== Segment start ==

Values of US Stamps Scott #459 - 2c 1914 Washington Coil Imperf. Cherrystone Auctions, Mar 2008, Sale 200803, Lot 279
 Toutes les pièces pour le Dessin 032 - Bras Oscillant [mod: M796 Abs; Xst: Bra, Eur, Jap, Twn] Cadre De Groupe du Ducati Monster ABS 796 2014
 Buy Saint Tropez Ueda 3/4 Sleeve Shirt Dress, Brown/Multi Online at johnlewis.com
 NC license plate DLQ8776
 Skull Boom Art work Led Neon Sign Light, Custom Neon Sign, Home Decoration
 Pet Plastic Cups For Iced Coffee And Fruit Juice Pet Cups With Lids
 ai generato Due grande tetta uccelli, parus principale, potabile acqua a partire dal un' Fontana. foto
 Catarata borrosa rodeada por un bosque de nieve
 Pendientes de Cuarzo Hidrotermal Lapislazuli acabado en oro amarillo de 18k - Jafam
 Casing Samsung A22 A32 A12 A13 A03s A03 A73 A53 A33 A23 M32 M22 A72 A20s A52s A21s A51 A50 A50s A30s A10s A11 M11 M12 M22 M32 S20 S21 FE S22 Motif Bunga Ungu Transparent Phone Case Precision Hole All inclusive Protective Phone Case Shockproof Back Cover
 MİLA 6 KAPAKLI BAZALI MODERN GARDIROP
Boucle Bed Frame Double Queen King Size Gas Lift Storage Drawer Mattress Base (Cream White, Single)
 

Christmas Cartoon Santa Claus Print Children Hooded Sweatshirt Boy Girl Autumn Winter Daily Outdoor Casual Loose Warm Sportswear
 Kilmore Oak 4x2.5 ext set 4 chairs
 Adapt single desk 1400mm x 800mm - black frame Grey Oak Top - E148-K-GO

== Segment end ==

Task directions: Output each line of the records above exactly, beginning at the first, and stop once the line containing "Skull Boom Art" has been output.

Written answer:
Values of US Stamps Scott #459 - 2c 1914 Washington Coil Imperf. Cherrystone Auctions, Mar 2008, Sale 200803, Lot 279
 Toutes les pièces pour le Dessin 032 - Bras Oscillant [mod: M796 Abs; Xst: Bra, Eur, Jap, Twn] Cadre De Groupe du Ducati Monster ABS 796 2014
 Buy Saint Tropez Ueda 3/4 Sleeve Shirt Dress, Brown/Multi Online at johnlewis.com
 NC license plate DLQ8776
 Skull Boom Art work Led Neon Sign Light, Custom Neon Sign, Home Decoration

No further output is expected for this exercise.